On Tue, 11 Feb 2025 at 16:12, Quentin Perret <qperret@google.com> wrote:
>
> Hi Fuad,
>
> On Tuesday 11 Feb 2025 at 12:11:25 (+0000), Fuad Tabba wrote:
> > diff --git a/include/uapi/linux/kvm.h b/include/uapi/linux/kvm.h
> > index 117937a895da..f155d3781e08 100644
> > --- a/include/uapi/linux/kvm.h
> > +++ b/include/uapi/linux/kvm.h
> > @@ -652,6 +652,12 @@ struct kvm_enable_cap {
> >  #define KVM_VM_TYPE_ARM_IPA_SIZE_MASK        0xffULL
> >  #define KVM_VM_TYPE_ARM_IPA_SIZE(x)          \
> >       ((x) & KVM_VM_TYPE_ARM_IPA_SIZE_MASK)
> > +
> > +#define KVM_VM_TYPE_ARM_SW_PROTECTED (1UL << 9)
>
> FWIW, the downstream Android code has used bit 31 since forever
> for that.
>
> Although I very much believe that upstream should not care about the
> downstream mess in general, in this particular instance bit 9 really
> isn't superior in any way, and there's a bunch of existing userspace
> code that uses bit 31 today as we speak. It is very much Android's
> problem to update these userspace programs if we do go with bit 9
> upstream, but I don't really see how that would benefit upstream
> either.
>
> So, given that there is no maintenance cost for upstream to use bit 31
> instead of 9, I'd vote for using bit 31 and ease the landing with
> existing userspace code, unless folks are really opinionated with this
> stuff :)

My thinking is that this bit does _not_ mean pKVM. It means an
experimental software VM that is similar to the x86
KVM_X86_SW_PROTECTED_VM. Hence why I didn't choose bit 31.

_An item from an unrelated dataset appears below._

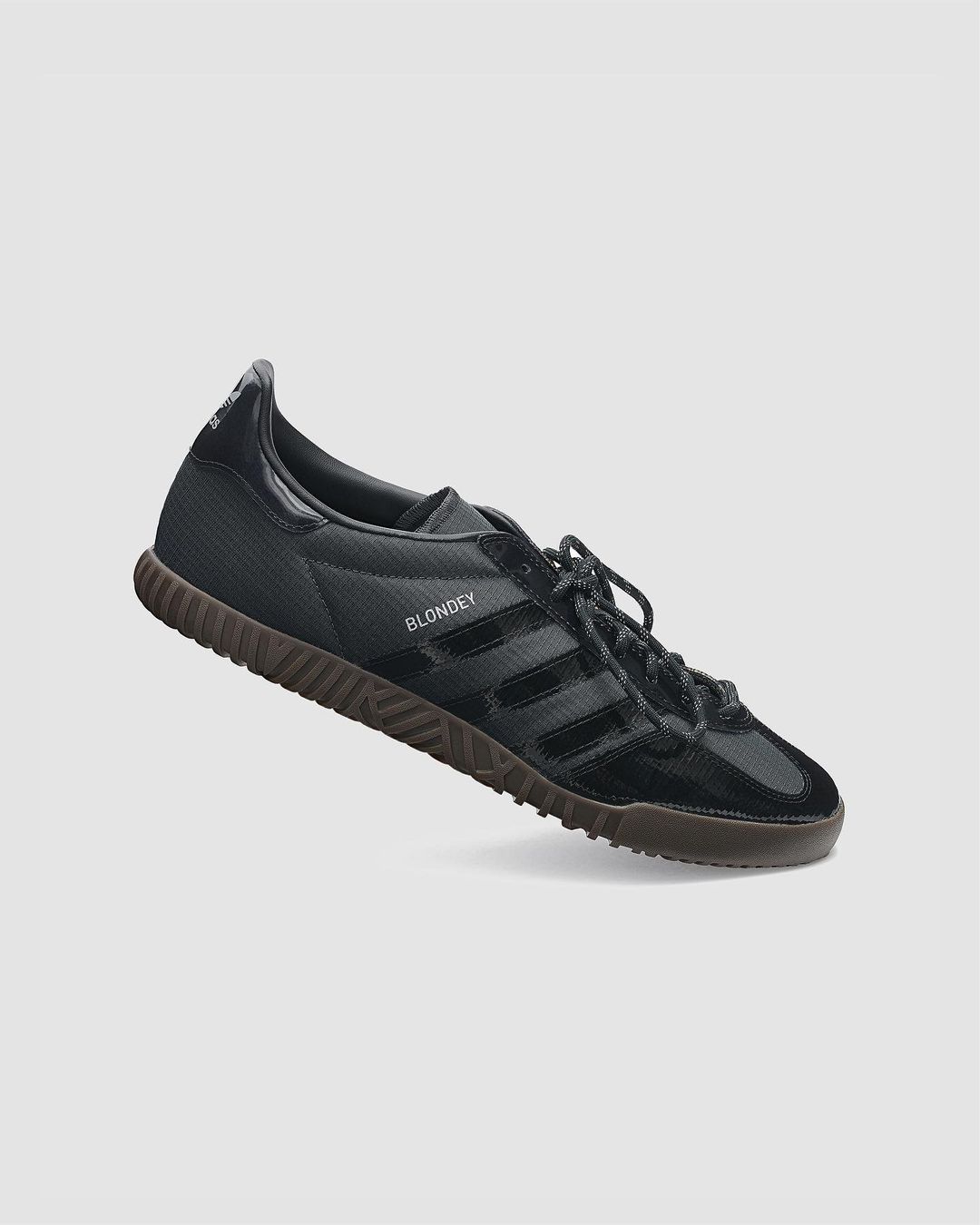 adidas gazelle silver green womens adidas Originals Samba LT - IE9170 | SNS main image 0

From Documentation/virt/kvm/api.rst (for x86):

'''
Note, KVM_X86_SW_PROTECTED_VM is currently only for development and testing.
Do not use KVM_X86_SW_PROTECTED_VM for "real" VMs, and especially not in
production.  The behavior and effective ABI for software-protected VMs is
unstable.
'''

which is similar to the documentation I added here.

Cheers,
/fuad



> Thanks,
> Quentin
>
> > +#define KVM_VM_TYPE_MASK     (KVM_VM_TYPE_ARM_IPA_SIZE_MASK | \
> > +                              KVM_VM_TYPE_ARM_SW_PROTECTED)
> > +
> >  /*
> >   * ioctls for /dev/kvm fds:
> >   */
> > --
> > 2.48.1.502.g6dc24dfdaf-goog
> >
Quentin Perret Feb. 11, 2025, 4:29 p.m. UTC | #3
On Tuesday 11 Feb 2025 at 16:17:25 (+0000), Fuad Tabba wrote:
> Hi Quentin,
> 
> On Tue, 11 Feb 2025 at 16:12, Quentin Perret <qperret@google.com> wrote:
> >
> > Hi Fuad,
> >
> > On Tuesday 11 Feb 2025 at 12:11:25 (+0000), Fuad Tabba wrote:
> > > diff --git a/include/uapi/linux/kvm.h b/include/uapi/linux/kvm.h
> > > index 117937a895da..f155d3781e08 100644
> > > --- a/include/uapi/linux/kvm.h
> > > +++ b/include/uapi/linux/kvm.h
> > > @@ -652,6 +652,12 @@ struct kvm_enable_cap {
> > >  #define KVM_VM_TYPE_ARM_IPA_SIZE_MASK        0xffULL
> > >  #define KVM_VM_TYPE_ARM_IPA_SIZE(x)          \
> > >       ((x) & KVM_VM_TYPE_ARM_IPA_SIZE_MASK)
> > > +
> > > +#define KVM_VM_TYPE_ARM_SW_PROTECTED (1UL << 9)
> >
> > FWIW, the downstream Android code has used bit 31 since forever
> > for that.
> >
> > Although I very much believe that upstream should not care about the
> > downstream mess in general, in this particular instance bit 9 really
> > isn't superior in any way, and there's a bunch of existing userspace
> > code that uses bit 31 today as we speak. It is very much Android's
> > problem to update these userspace programs if we do go with bit 9
> > upstream, but I don't really see how that would benefit upstream
> > either.
> >
> > So, given that there is no maintenance cost for upstream to use bit 31
> > instead of 9, I'd vote for using bit 31 and ease the landing with
> > existing userspace code, unless folks are really opinionated with this
> > stuff :)
> 
> My thinking is that this bit does _not_ mean pKVM. It means an
> experimental software VM that is similar to the x86
> KVM_X86_SW_PROTECTED_VM. Hence why I didn't choose bit 31.
> 
> From Documentation/virt/kvm/api.rst (for x86):
> 
> '''
> Note, KVM_X86_SW_PROTECTED_VM is currently only for development and testing.
> Do not use KVM_X86_SW_PROTECTED_VM for "real" VMs, and especially not in
> production.  The behavior and effective ABI for software-protected VMs is
> unstable.
> '''
> 
> which is similar to the documentation I added here.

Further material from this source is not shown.